Might be easier to read with a StringSwitch (could make a StringRef from the Mnagled pointer and the length - maybe pass as StringRef here, rather than as the decomposed components) rather than a switch over length + strncmps?

391–392

Remove else-after-return(s)

423–429

This appears to be unstested

ljmf00 added inline comments.Oct 11 2021, 5:19 PM
llvm/lib/Demangle/DLangDemangle.cpp
385–386

I guess you are missing the point of this switch. Maybe some comments can be added to cover this behaviour but the point here is: the length passed into parseLName is the length of the identifier name but not of the mangled name evaluated inside strncmp. This is specifically needed, because, for other special names, e.g. initializers (__initZ), a Z is suffixed indicating it is a special symbol. In order to verify that, extra length to accommodate the 'Z' char is needed.
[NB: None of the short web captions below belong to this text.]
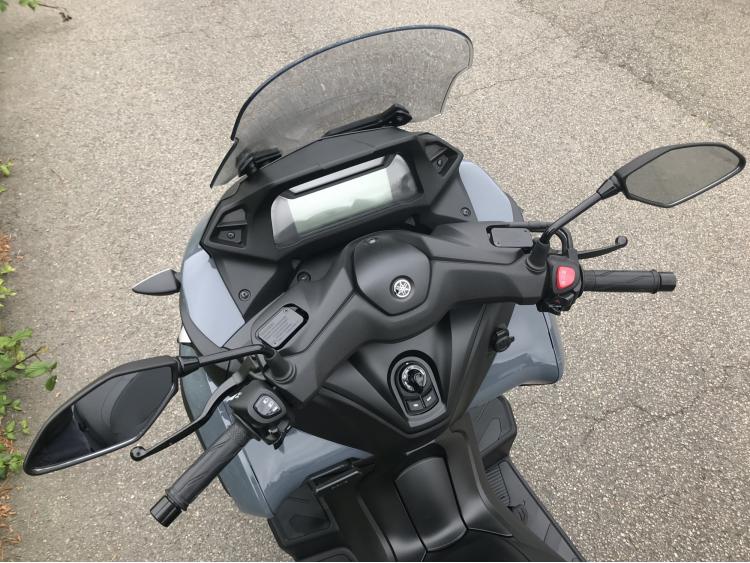 YAMAHA TRICITY 300
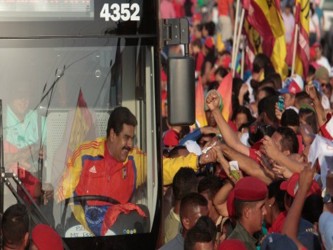 Mostrando la fruta a las cámaras, Maduro dejó ver el mensaje de Marleni: 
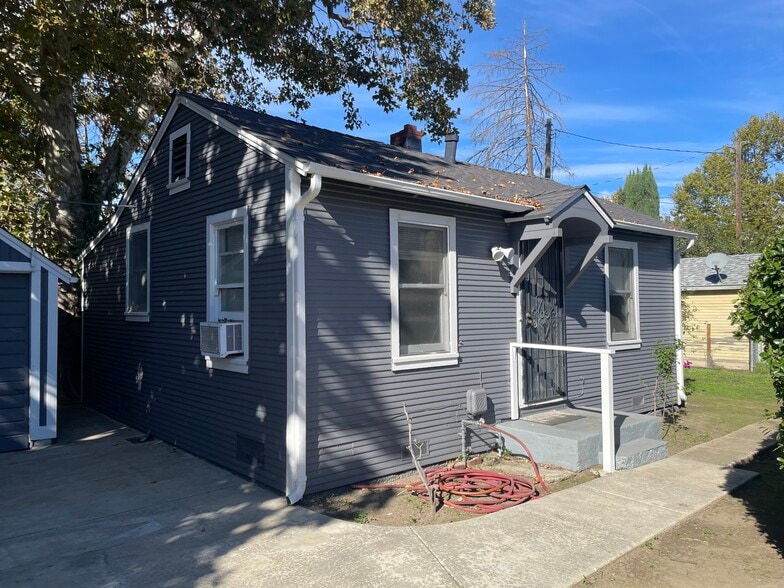 Primary Photo - 721 N Church St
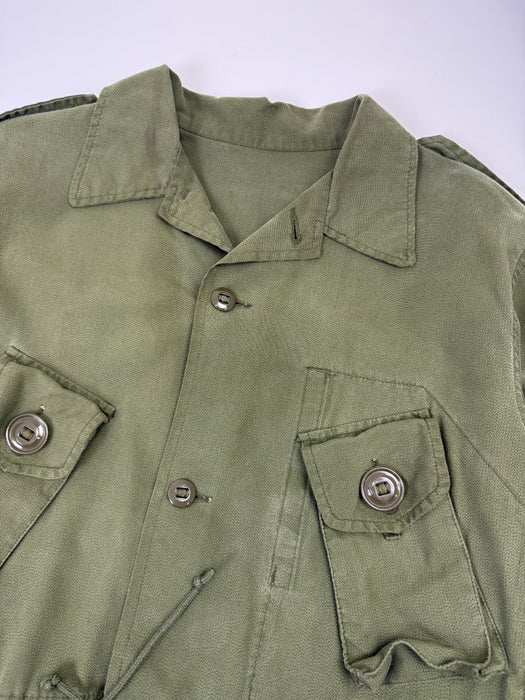 Vintage Military Cargo Trench Coat Green | Vitnage Clothing Store Canada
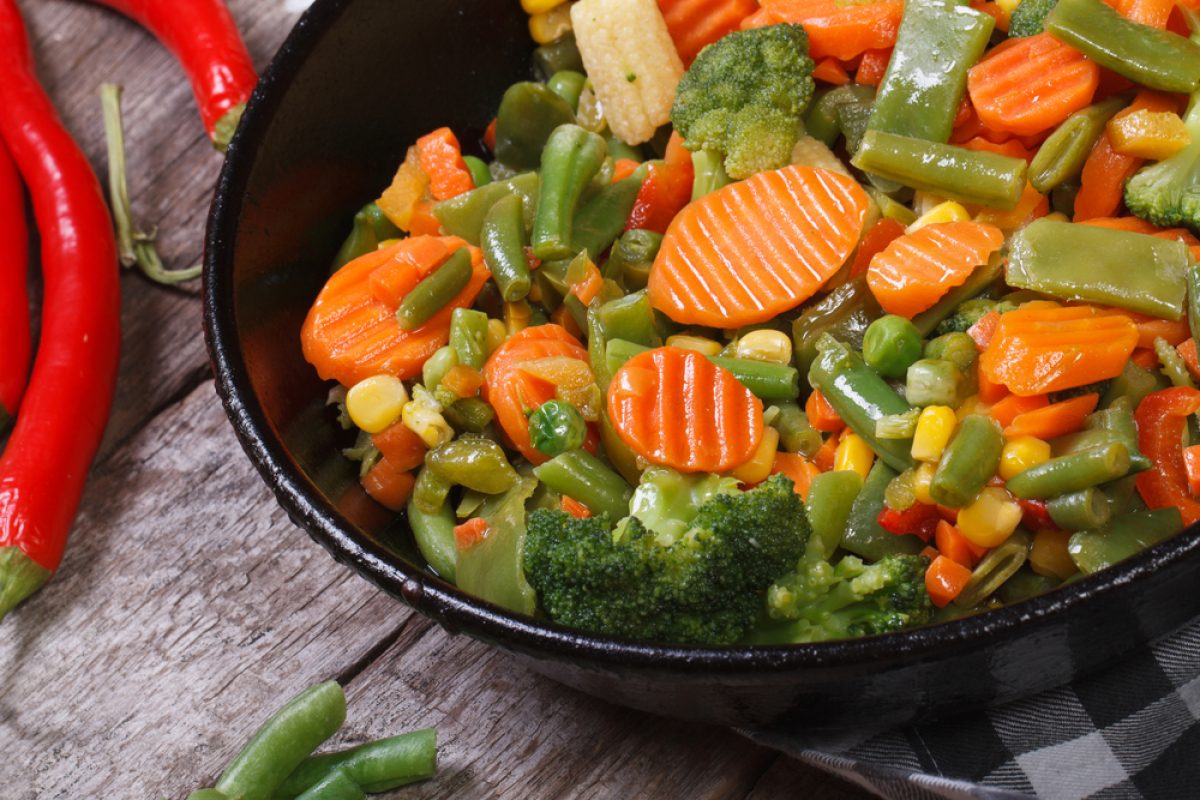 Steam vegetables in pan фото 8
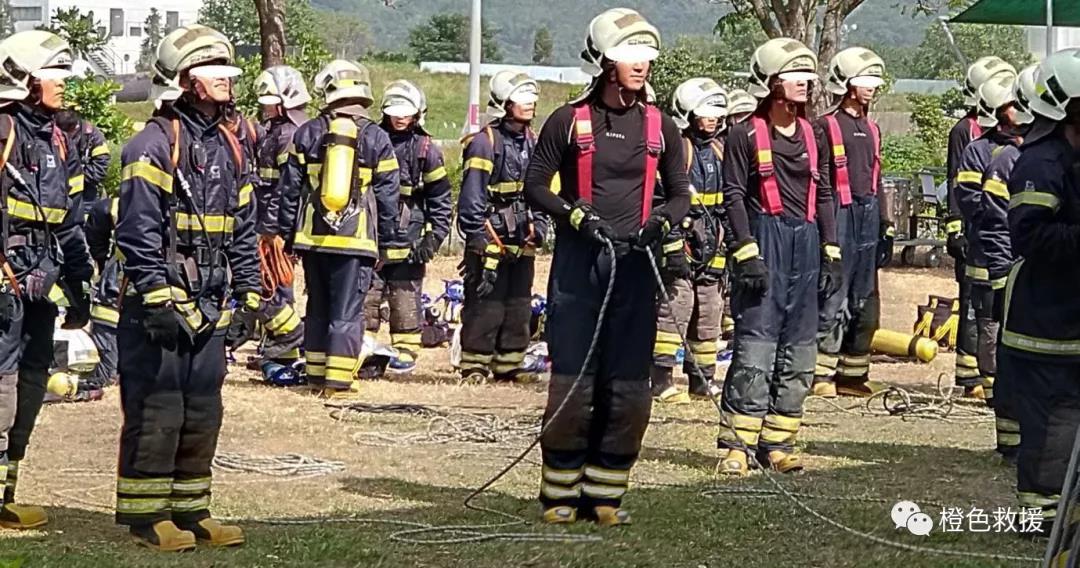 绳索 | 登山者无器材的绳索保护(图3)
The StringSwitch is not applicable here because of that, otherwise would be a good fit. I see optimizations that can be done, however, which is:

  1. Use integer literals on strncmp instead of being calculated in runtime
  2. Use a second inner switch to make the compiler optimize it with jump tables
423–429

Thanks, this actually needs to be on another patch, since this is technically part of the function mangling. It also includes this and ~this (they are not being tested here, but on https://reviews.llvm.org/D111423 although they should be all tested on https://reviews.llvm.org/D110576) I'm going to update the path when tests file get rearranged (due to the discussion on https://reviews.llvm.org/D111414)

ljmf00 added inline comments.Oct 13 2021, 8:22 AM
llvm/lib/Demangle/DLangDemangle.cpp
385–386

Well, I realized that the first option is not doable here and the second one, from what I tested on clang 13, the optimizer can take what I suggested easily. https://godbolt.org/z/5dorfsWq9
If you have any other suggestions here that can increase readability, I would appreciate discussing them :)

ljmf00 updated this revision to Diff 388265.Nov 18 2021, 10:51 AM
ljmf00 edited the summary of this revision. (Show Details)

I changed the patch to avoid else-after-return, use // comment style, remove untested code, use ++i over i++ when possible, and use the OutputBuffer.

@dblaikie Can you rereview now?

Still seems a bit long in one patch/hard to verify that all the cases are covered by tests, etc. Could you break this up further - maybe implementing only the most basic, single 'parseIdentifier' case, then the iteration, then the anonymous symbols, then the lnames?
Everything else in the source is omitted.